P.B.M. : Je garde de très beaux souvenirs de Sidwaya. D'abord, l'ambiance du travail était bon enfant. On était comme des amis du travail. J'ai fait l'effort pour susciter une meilleure production au niveau de l'imprimerie. A titre d'exemple, j'ai instauré la pause-café à l'imprimerie, le port de blouse, des primes de motivation à l'occasion des grands évènements comme la SNC, le SIAO. Nous avons acheté un véhicule d'occasion, ce qui n'était facile à l'époque pour le mettre à la disposition de la rédaction. Autre souvenir, ce sont les rencontres très cordiales avec les anciens collaborateurs. Quand je rencontre un travailleur de Sidwaya, ce sont des accolades. Cela me marque beaucoup sans oublier que Sidwaya a contribué à forger ma notoriété. Pour mes postes antérieurs, les gains financiers étaient largement mieux qu'à Sidwaya mais Sidwaya est un poste valorisant. La preuve, aujourd'hui on continue de m'appeler DG de Sidwaya. Lors des rencontres, on me présente comme étant un ancien DG de Sidwaya et non un ancien CDR. Comme souvenir douloureux, je pleure mes collaborateurs défunts et que leurs âmes reposent en paix.

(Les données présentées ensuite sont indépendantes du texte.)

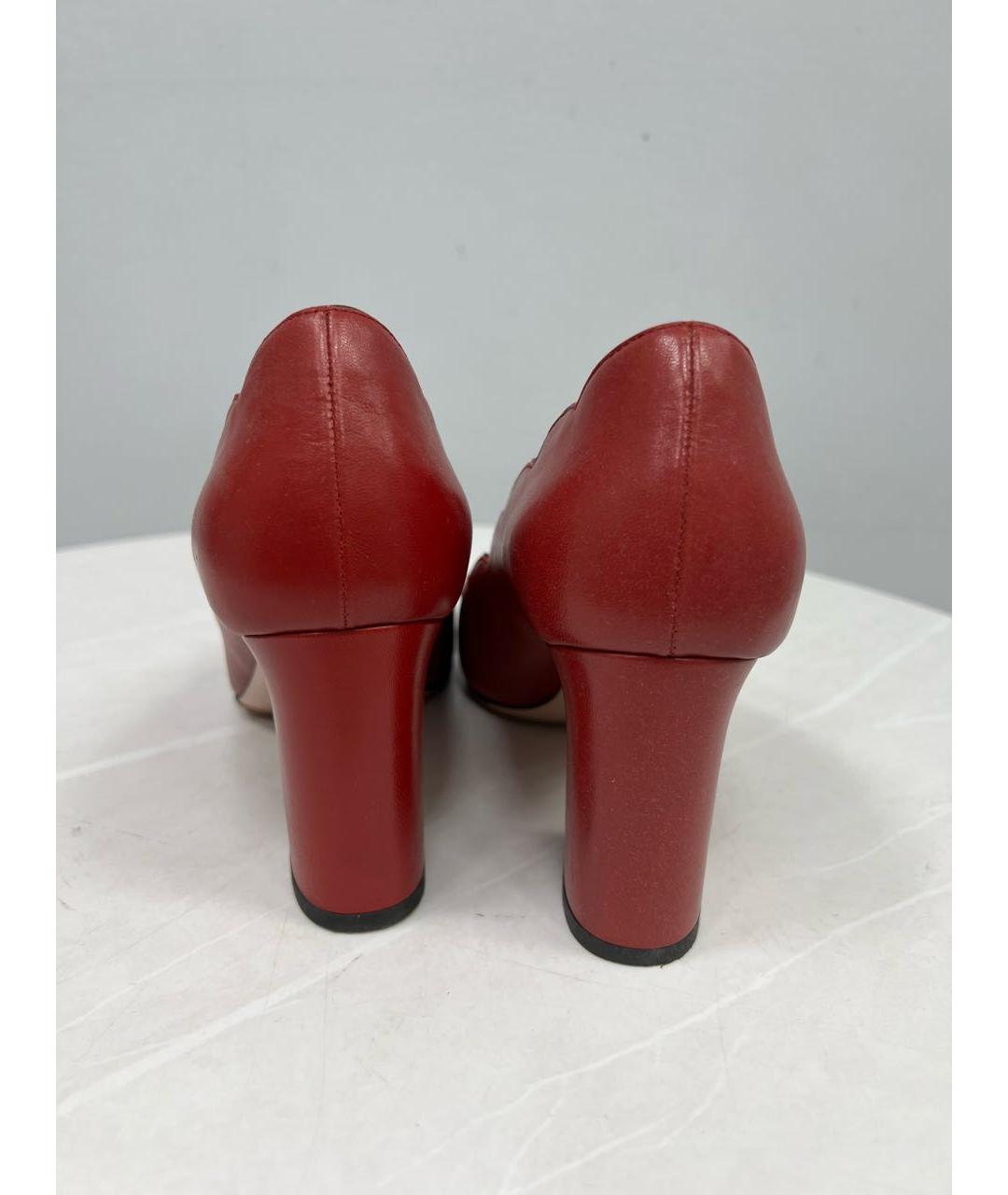 GUCCI Красные кожаные туфли, фото 2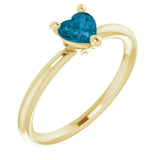 14K Gold Natural London Blue Topaz Heart Solitaire Ring - Yellow Gold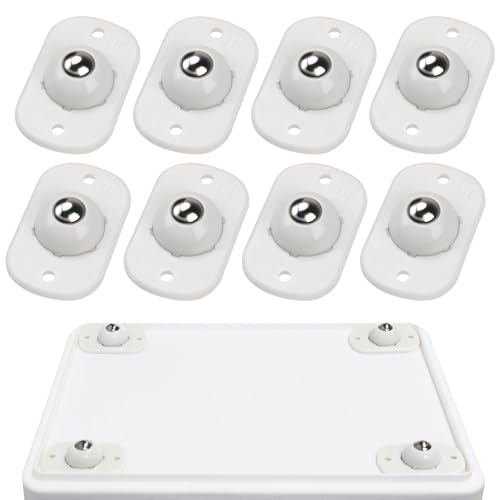 Image of TRVL FIELDER Self Adhesive Caster Wheels, Appliance Rollers Appliance Slider for Kitchen, 360 Swivel Small Casters - Solve Coffee Maker Air Fryer Small Appliances Countertop Sliding (8, White-Swivel)
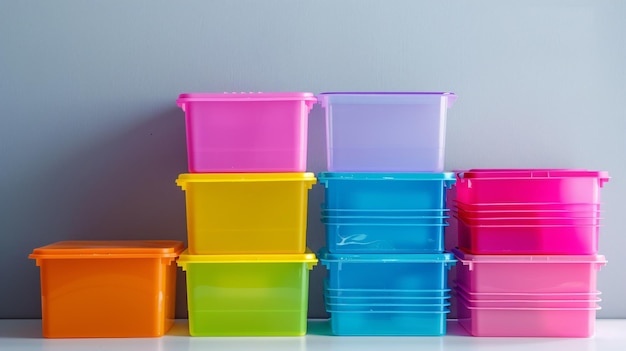 Photo a stack of colorful plastic containers with a purple one that sayss aon it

S : Quelle appréciation faites-vous aujourd'hui de Sidwaya ?
P.B.M. : J'ai quitté le journal il y a 30 ans. Par conséquent, il m'est difficile d'apprécier l'évolution interne du journal. En raison de son autonomie de gestion, je présume qu'il bénéficie aujourd'hui de meilleures conditions de traitement de l'information. Je souhaite qu'on renforce cette autonomie pour former plus de cadres qui viendront renforcer l'organe.
S : Comment envisagez-vous l'avenir du journal dans un contexte d'évolution du métier de l'information et de la communication ?
P.B.M. : Les reproches qu'on a faits à la presse dans son ensemble à l'époque, c'est de consacrer tout le temps à l'évènementiel, au traitement de petits reportages qui occupent les colonnes. Il y a aussi la bureaucratisation des journalistes. Pour l'avenir du journal, il faut développer le journalisme d'investigation, les grands reportages sur les défis majeurs du pays. Par exemple, si une zone est libérée, le journaliste peut aller faire le constat.
S : Qu'est-ce que Sidwaya doit améliorer au quotidien pour continuer d'être toujours le leader de la presse écrite au niveau national voire sous régional ?
P.B.M. : La raison d'être d'un journal, c'est d'être lu. Il faut faire l'effort pour évaluer et apprécier les attentes des lecteurs. S'il n'est pas lu, cela veut dire que quelque chose ne va pas et il faut faire un effort pour attirer les lecteurs. Il faut ensuite améliorer l'accessibilité du journal aux lecteurs en multipliant les points de vente des journaux et en étendant les zones de distribution.
S : Cette année, Sidwaya célèbre ses 40 ans. Quels sont vos voeux pour le « Journal de tous les Burkinabè » ?
P.B.M. : Je souhaite le renforcement de la crédibilité du journal auprès des lecteurs, afin qu'il soit bien lu. Je souhaite aussi le renforcement du leadership de Sidwaya et des motivations des forces productives pour améliorer le travail. Je souhaite un bon anniversaire à toute l'équipe de production de Sidwaya.